Work to complete: Restate word for word the entries below, starting with the line with "Das sonnige Außendeck" and continuing through the line with "istock Pile of". Include both of those lines and no others.

Records supplied:
--- START ---

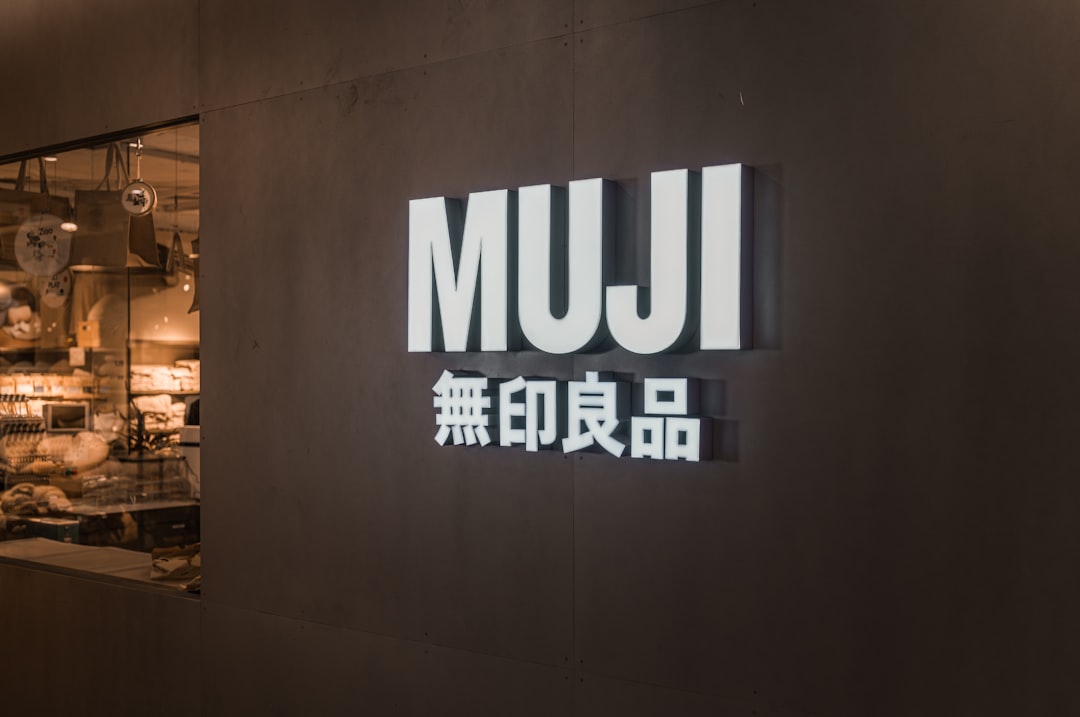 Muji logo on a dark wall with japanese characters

--- END ---
--- START ---

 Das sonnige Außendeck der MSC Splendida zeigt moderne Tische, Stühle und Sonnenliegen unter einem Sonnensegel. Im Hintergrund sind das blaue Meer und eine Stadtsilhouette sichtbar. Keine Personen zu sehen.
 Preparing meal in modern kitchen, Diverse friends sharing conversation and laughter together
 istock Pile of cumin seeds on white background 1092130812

--- END ---

Answer box:
 Das sonnige Außendeck der MSC Splendida zeigt moderne Tische, Stühle und Sonnenliegen unter einem Sonnensegel. Im Hintergrund sind das blaue Meer und eine Stadtsilhouette sichtbar. Keine Personen zu sehen.
 Preparing meal in modern kitchen, Diverse friends sharing conversation and laughter together
 istock Pile of cumin seeds on white background 1092130812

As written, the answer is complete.